◆ ASSIGNMENT
Once you reach the line with "Hackerank Coding Series", copy it and every line after it exactly, up to the end of the data. Omit the pictures.
▬▬▬▬▬▬▬▬▬▬
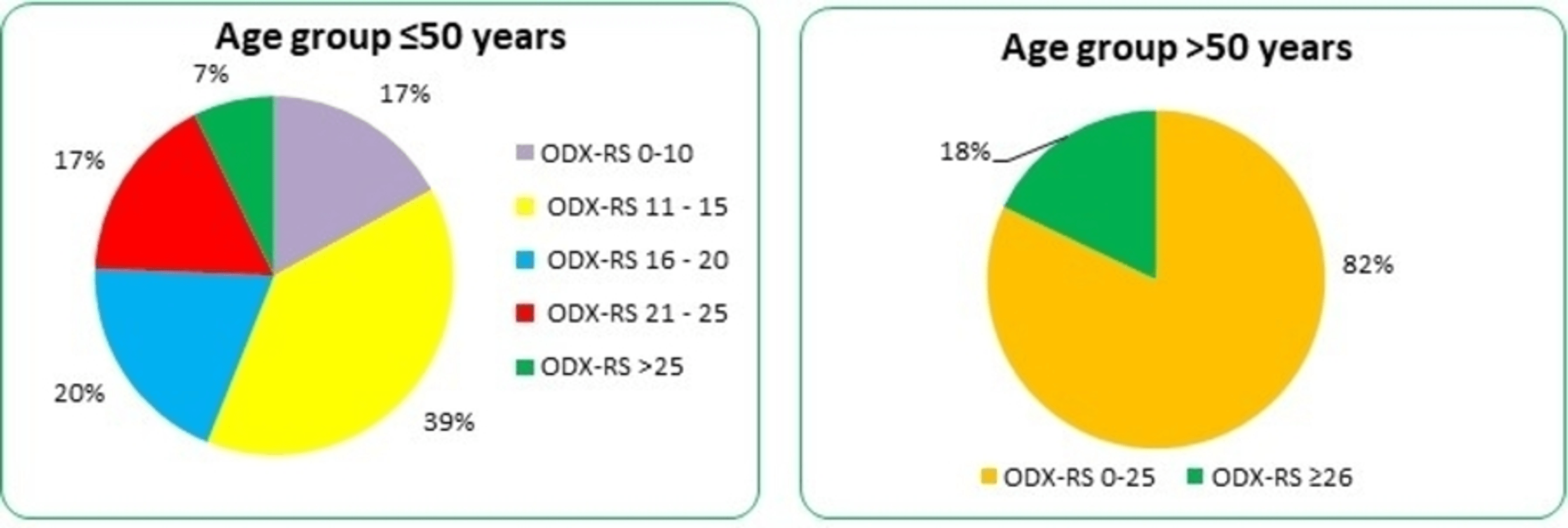 Oncotype Dx Recurrence Score Chart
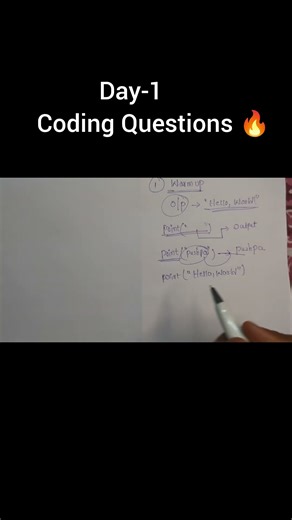 Hackerank Coding Series 💘 new year 2026 for beginners in telugu #programming #learnpython #telugu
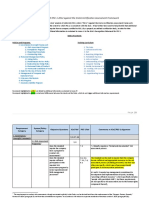 Annex A PSC.1 Certification Assessment Framework PDF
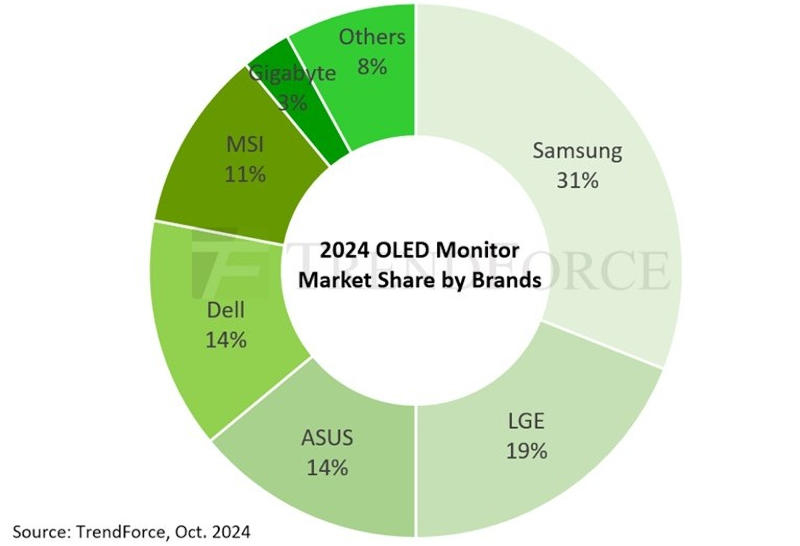    OLED-:    181%   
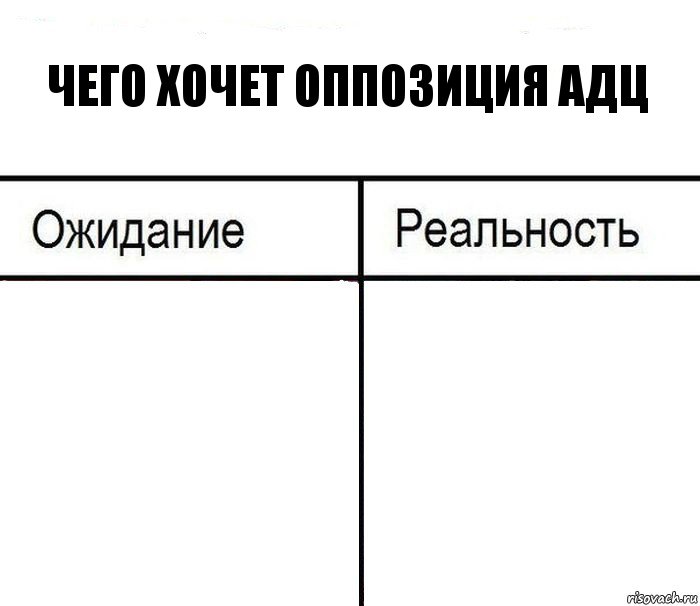 чего хочет оппозиция адц  , Комикс  Ожидание - реальность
▬▬▬▬▬▬▬▬▬▬
◆ FINAL ANSWER
 Hackerank Coding Series 💘 new year 2026 for beginners in telugu #programming #learnpython #telugu
 Annex A PSC.1 Certification Assessment Framework PDF
    OLED-:    181%   
 чего хочет оппозиция адц  , Комикс  Ожидание - реальность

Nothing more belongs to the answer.